We're learning about multi regression in the current module of my statistics course, and the instructor noted that the sum of square errors (SSE) of a full model such as the one below:
$Y_i=\beta_0+\beta_1x_{1i}+\beta_2x_{2i}+\beta_3x_{3i}+\epsilon_i$
is going to be smaller than the SSE for any reduced model, such as the one below (which we obtain under the assumption that $\beta_1=0$):
$Y_i=\beta_0+\beta_2x_{2i}+\beta_3x_{3i}+\epsilon_i$
I'm having trouble understanding why this is true. If SSE is defined as:
$\sum^{n}_{i=1}(y_i-\hat{y_i})$
Shouldn't the full model's SSE be bigger because it has more terms?
Best Answer
If $\beta_1$ is exactly zero, the SSE for full and reduced models will be identical.
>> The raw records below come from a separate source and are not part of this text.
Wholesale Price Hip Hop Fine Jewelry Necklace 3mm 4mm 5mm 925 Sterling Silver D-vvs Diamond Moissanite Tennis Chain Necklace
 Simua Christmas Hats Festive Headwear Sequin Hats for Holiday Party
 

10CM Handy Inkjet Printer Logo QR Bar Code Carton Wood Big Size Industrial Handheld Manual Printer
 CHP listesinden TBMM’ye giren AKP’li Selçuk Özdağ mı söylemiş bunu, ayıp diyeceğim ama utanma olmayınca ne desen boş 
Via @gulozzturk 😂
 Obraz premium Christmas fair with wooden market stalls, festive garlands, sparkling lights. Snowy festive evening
To the extent $\beta_1$ is not exactly zero, the component of the variance (sums of squares) of Y attributable to $x_1$ is added to the SSE, all else being equal, as it is no longer represented in the model anywhere but e (the residual variance).
So the SSE for a reduced model can never be smaller than the SSE for a full model, because it's the SSE for the full model plus any SS attributable to the constraints to the extent they are something other than exactly true.